This topic describes queries based on primary keys, global secondary indexes, and search indexes in detail.

Primary key-based queries

Primary key-based queries use the GetRow and GetRange operations. The filter feature is used to query data in the attribute columns. However, this feature affects performance when a large amount of data exists and the entire table is scanned. In actual business scenarios, primary key-based queries cannot meet requirements. The filter feature affects efficiency when a large amount of data exists. Tablestore provides global secondary indexes and search indexes to address the deficiencies of primary key-based queries. This topic analyzes the differences between global secondary indexes and search indexes to help you choose the one that suits your business.

Global secondary index-based queries

After a global secondary index is created for a base table, an index table is created for the base table. The model of an index table is the same as that of the base table. The index table provides another sorting method for the base table: Filtering conditions are predefined to distribute data and improve the efficiency of data queries. The index table uses a primary key column, a primary key column range, and the range of prefixes of the primary key to query data. To ensure the uniqueness and consistency of primary key columns between the index table and base table, the global secondary index adds the primary key columns of the base table to the index table.

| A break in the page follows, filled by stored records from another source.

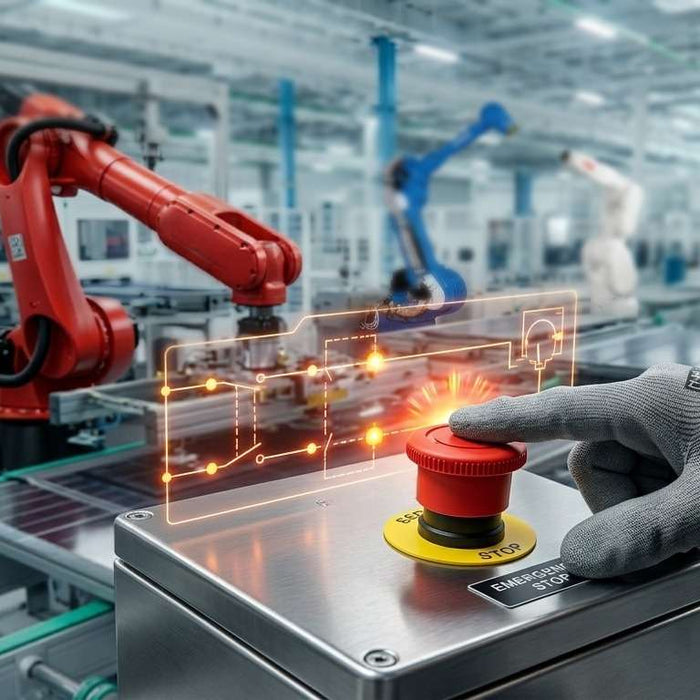 Industrial robot emergency stop failure troubleshooting guide covering dual-channel safety circuit open faults, ABB safety chains, KUKA X11 interfaces, and FANUC DCS loops.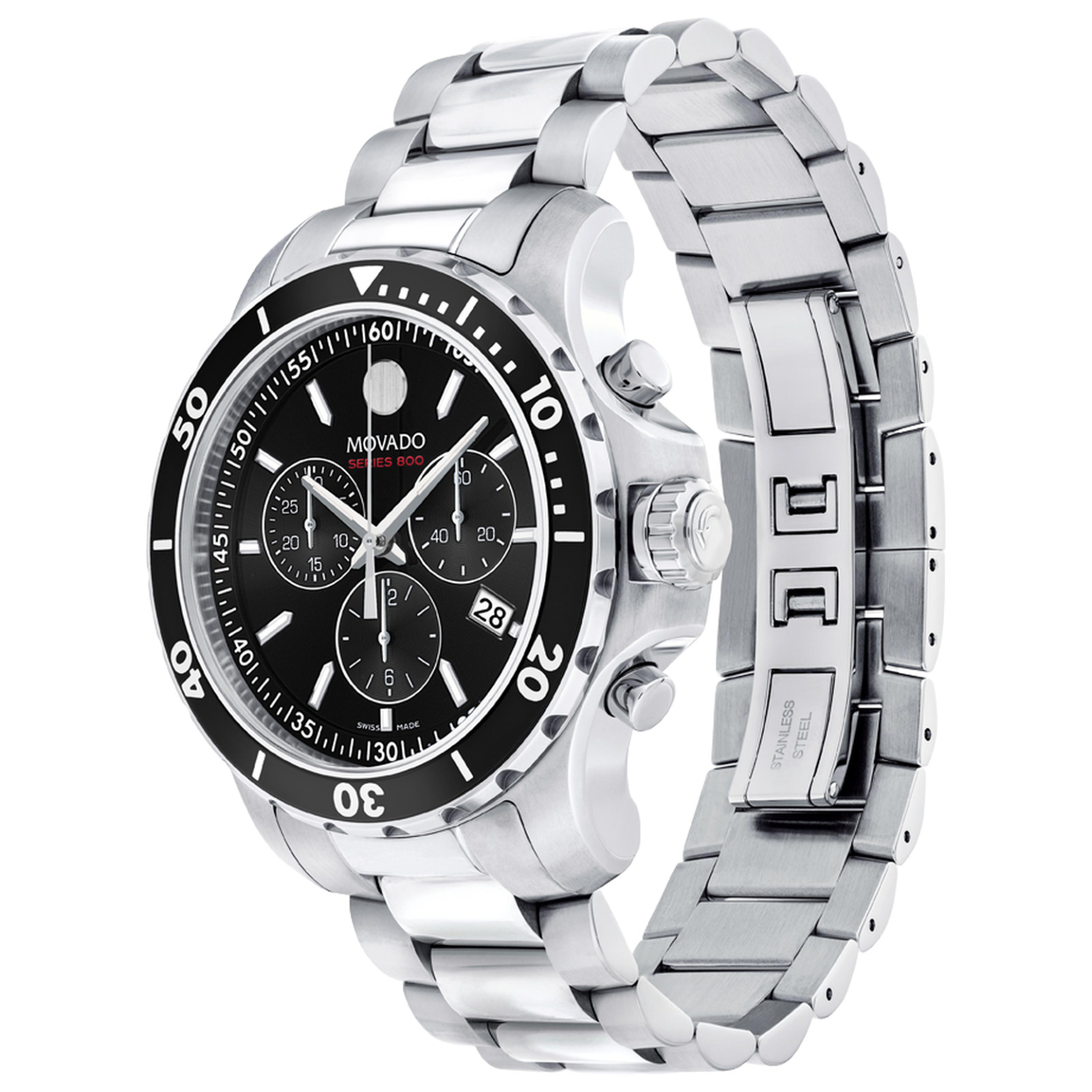 Movado Series 800 Black Dial & Bezel 42mm Chronograph Steel Watch Model #2600142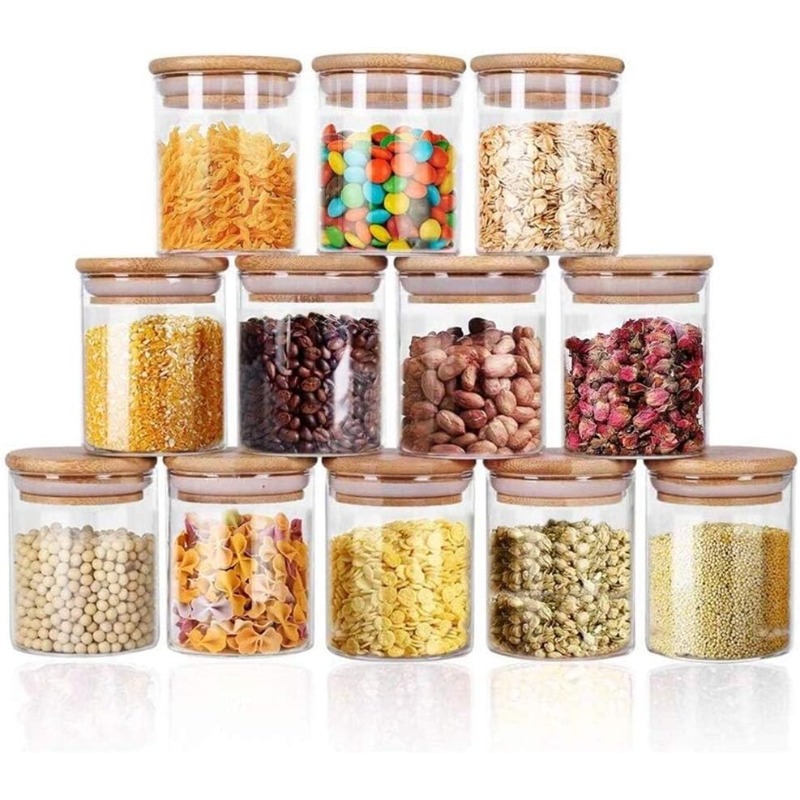Food Storage Glass Containers Large - 竹製の密閉蓋とラベル付きガラス瓶12個セット、食品シリアル保存用大型スパイス容器、キッチン用塩砂糖穀物用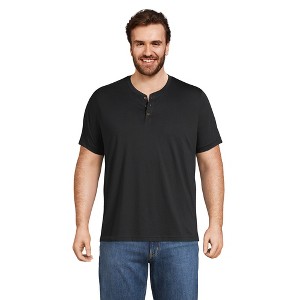 Lands' End Men's Short Sleeve Cotton Supima Jersey Henley - 1 of 2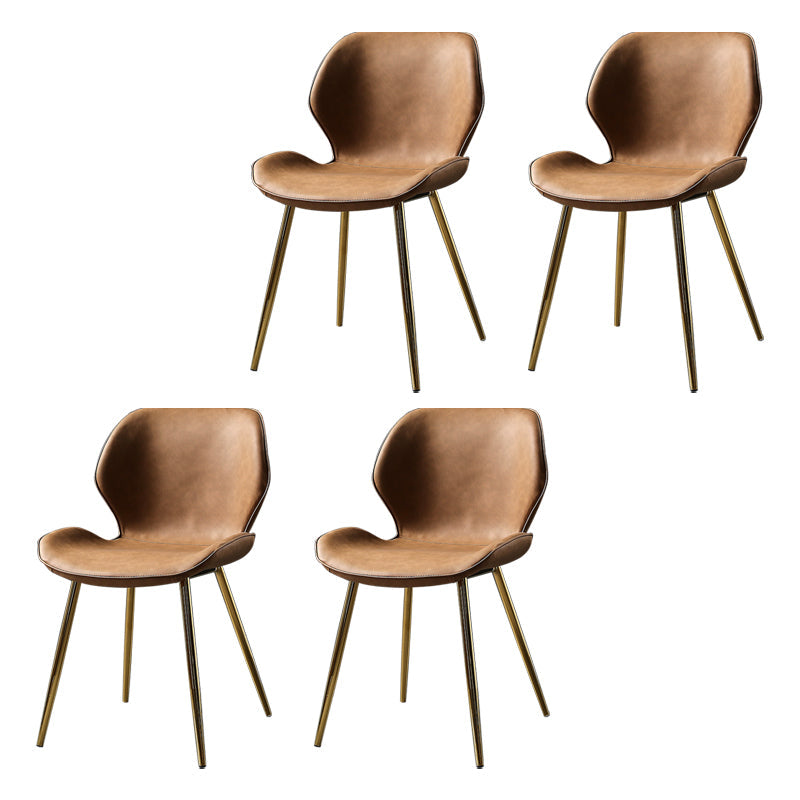 Contemporary Style Kitchen Dining Chair Metal Dining Wingback Armless Side Chair Gold-Brown 4 Piece Set Clearhalo ' kitchen&dining_furn' 'Dining Chairs' 'Dining Tables & Seating' 'dining_chair' 'furn' 'furn_dining_chair' 'Furniture' 'furniture_dining_chair' 'Kitchen & Dining Furniture' 'kitchen' 4160230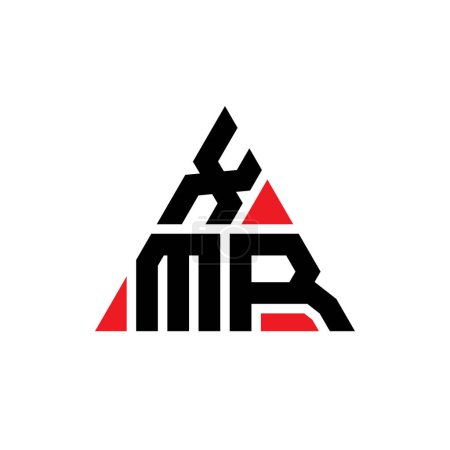 Illustration for XMR triangle letter logo design with triangle shape. XMR triangle logo design monogram. XMR triangle vector logo template with red color. XMR triangular logo Simple, Elegant, and Luxurious Logo. - Royalty Free Image
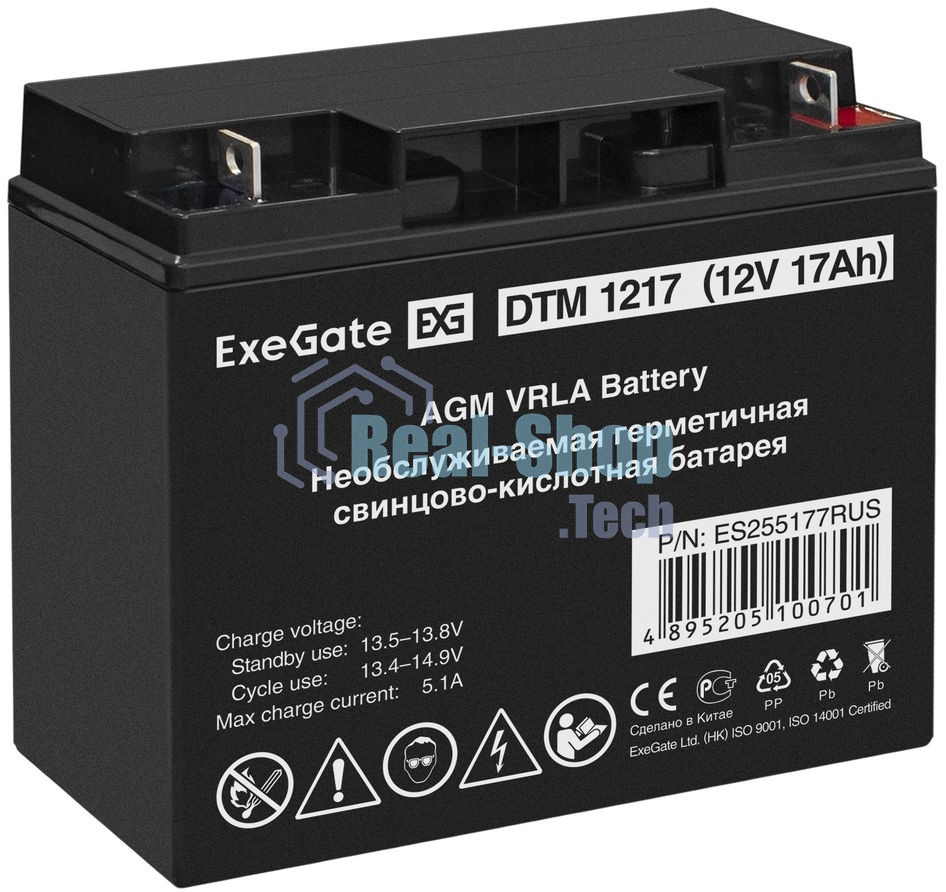 Батарея для ИБП ExeGate ES255177RUS DTM 1217/EXS12170 (12V 17Ah), клеммы под болт М5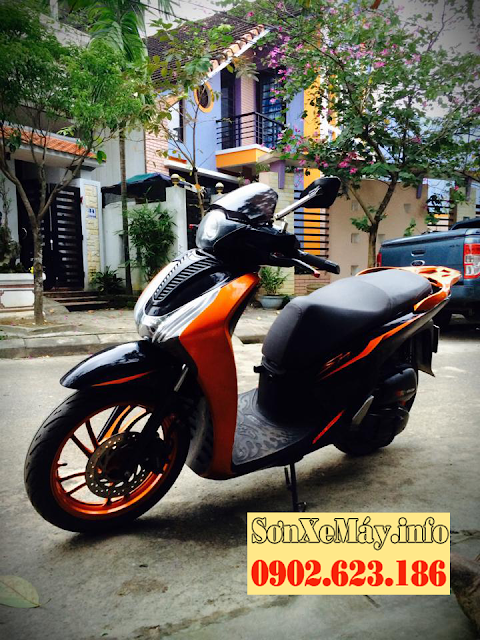 Sơn phối màu xe Honda SH màu cam đen cực đẹp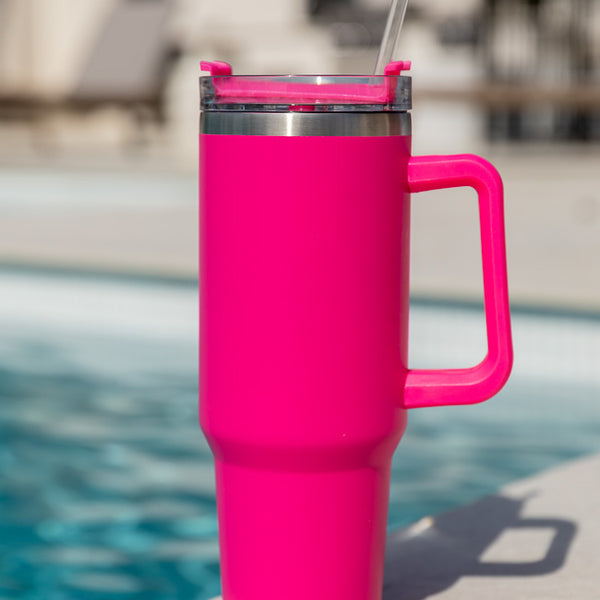 Sippin' Pretty Hot Pink Leopard 40 oz Drink Tumbler With Lid And Straw –  Pink Lily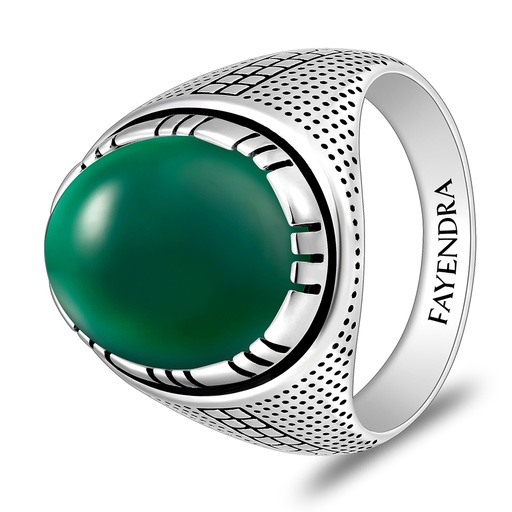 Sterling Silver 925 Ring Rhodium And Black Plated Embedded With Green Agate Cabochon For Men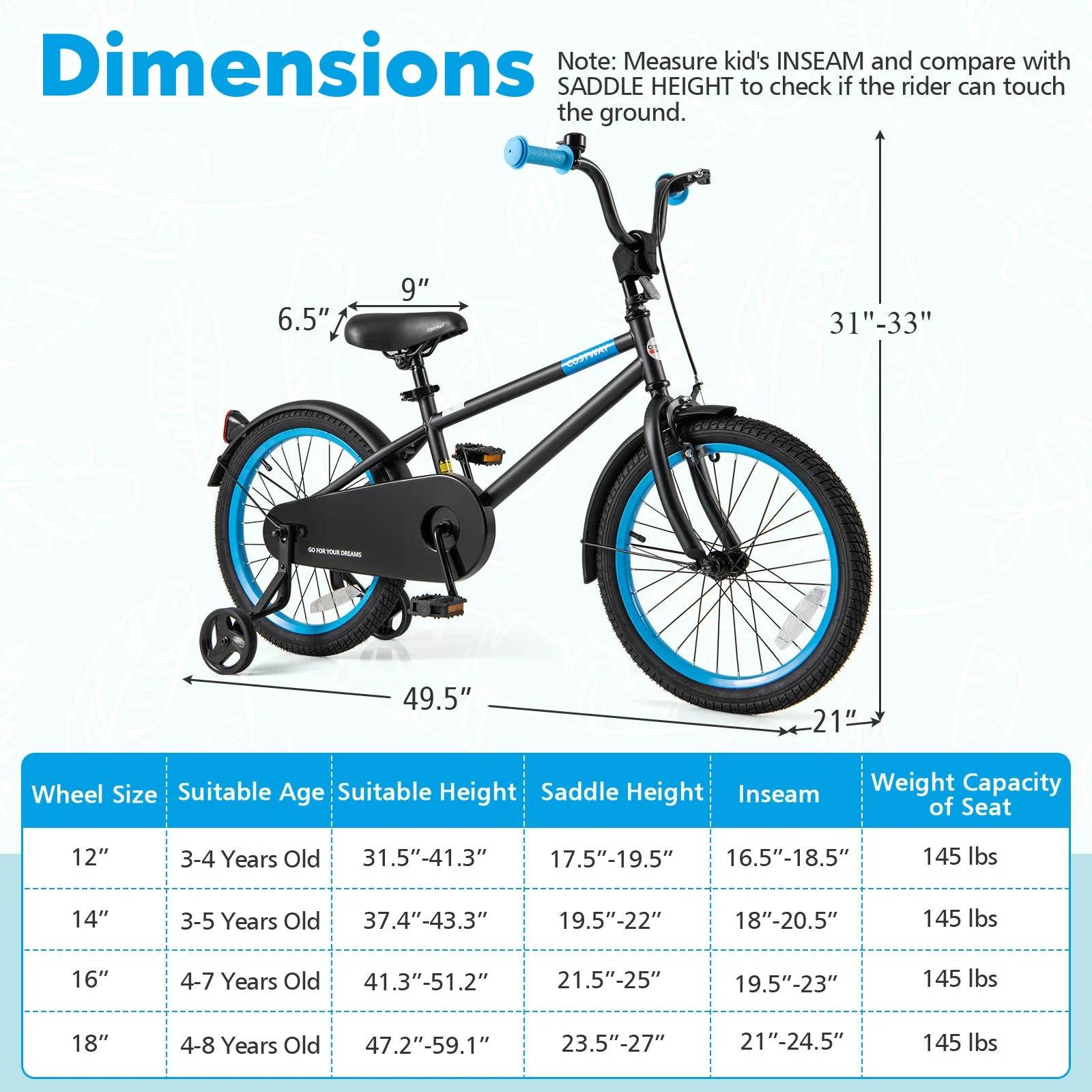 Kids Bike with Adjustable Handlebar and Saddle Black-18 Inches - Image 4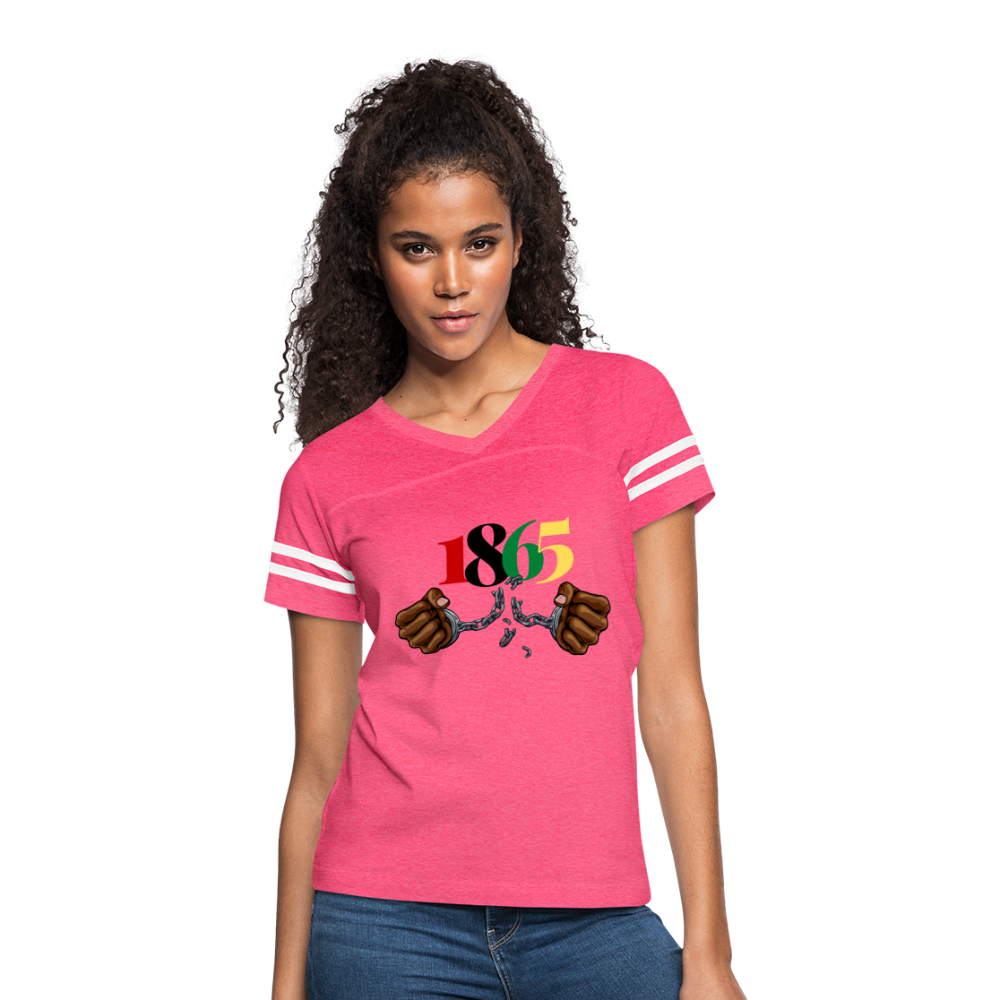 1865 Juneteenth Women’s Vintage Sport T-Shirt - vintage pink/white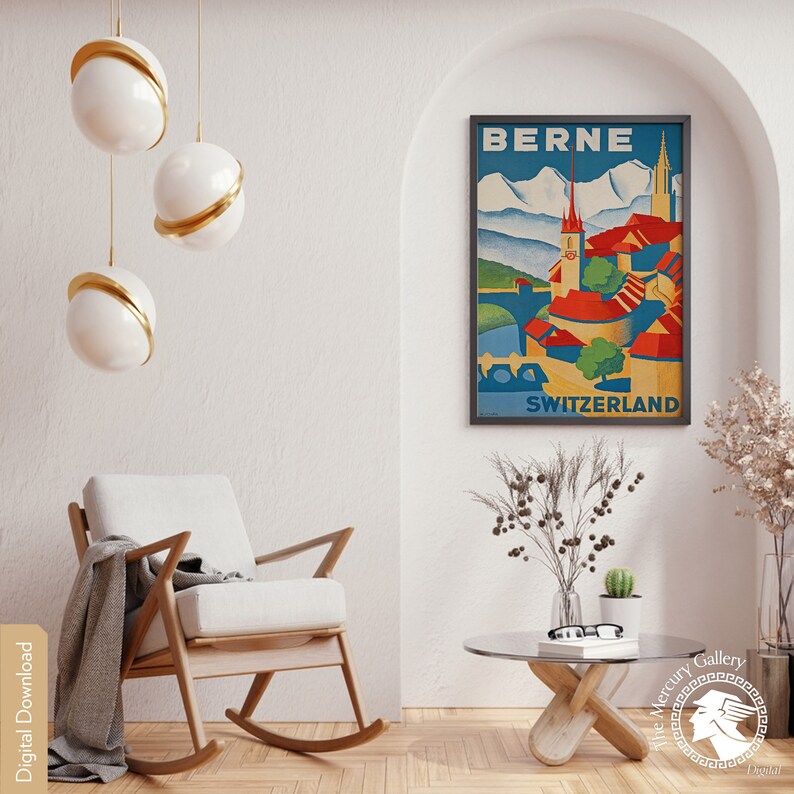 May include: A vintage travel poster with a colorful illustration of the city of Berne, Switzerland. The poster features a cityscape with mountains in the background and the text "BERNE SWITZERLAND".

Search index-based queries

The underlying logic of search index adds inverted indexes and column-oriented storage to support multiple query methods such as Boolean query, wildcard query, geo-distance query, and full-text search. Search index provides multiple query conditions to query data in multiple dimensions.

Determine whether to use an index

  • An index is not required
    • There is no need to create an index if primary key-based queries can meet your business requirements.
    • To specify a range to filter data, use the filter feature if the amount of data within the range is small or queries per second (QPS) is low. In this case, you do not need to create an index.
    • When you perform a complex query for your business that features low QPS and is insensitive to latencies, you can use Data Lake Analytics (DLA) to access Tablestore and use SQL statements to query data in Tablestore.
  • Use global secondary index or search index

    A global secondary index is an index table that is similar to a base table. Global secondary index provides another mode that uses a primary key-based query method to distribute data. One index supports a type of query conditions. You can pre-define query conditions of this type to improve query efficiency. An index table and its base table can support the same amount of data. Additionally, hashing is also a consideration during the design of primary keys of global secondary index.

    A search index contains a combination of schemas. Each column supports schemas such as inverted indexes. You can sort query results based on one column. One search index can support multiple query methods. You do not need to create multiple search indexes for different query methods. Compared with global secondary index, search index also supports multiple query methods such as Boolean query, fuzzy query, full-index search, and geo query. Search indexes are less efficient than global secondary indexes when data is read in fixed order. The query efficiency of search index is related to the size of the entire table (inverted index-based length). When the data volume reaches at least 10 million rows of data, we recommend that you use RoutingKey to shard data. You can also use RoutingKey to reduce the amount of data involved in a query. In short, the data size affects query efficiency.